- Zuletzt bearbeitet:
- Kommentare: 5
Die Geschichte von Camillo
Ich war in meiner Box. Ich war glücklich, bis sie gekommen sind. Ich habe den Kopf zur Box rausgestreckt und fröhlich gewiehert, als ich die Leute gesehen habe, die mir "Hallo" sagen kamen. Hinter ihnen habe ich Reitschüler gesehen, die geweint haben. Ich habe Wörter gehört, die ich nicht verstanden habe: "Wir können nicht alle Pferde behalten, wir müssen die weggeben, die wir nicht unbedingt brauchen. Camillo hat beim letzten Turnier nicht so gut abgeschnitten."
Camillo, ja das bin ich. Oder besser gesagt das war ich.
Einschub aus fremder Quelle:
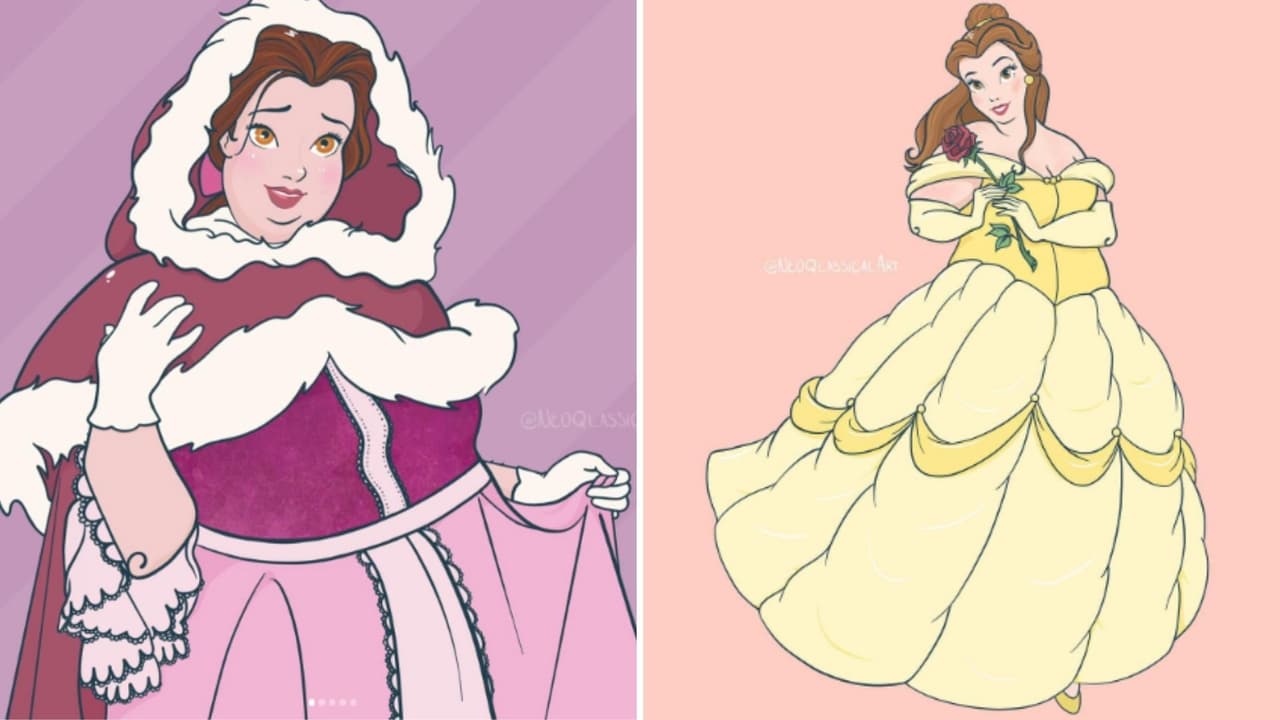 Princesas Disney si fueran 'plus size' o talla grande: ilustraciones de Crystal Water (Neoqlassical Art)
Sie haben mich in einen Transporter mitgenommen. In diesem war auch Cadia,ein Pony, das sich letzte Woche beim Reittunier am Bein verletzt hat. Wir haben eine lange Reise gemacht, dann haben sie uns ausgeladen und in einen anderen Transporter gejagt. Es roch seltsam. Nach Blut, nach Tod, nach Mist. Im Laster waren schon ein Dutzend andere Pferde, die wieherten, als sie uns gesehen haben. Doch es war kein fröhliches Wiehern, es war ein Wiehern der Angst, des Schmerzes. Da hab auch ich Angst bekommen, richtige Angst, wie ich sie vorher noch nie gehabt habe.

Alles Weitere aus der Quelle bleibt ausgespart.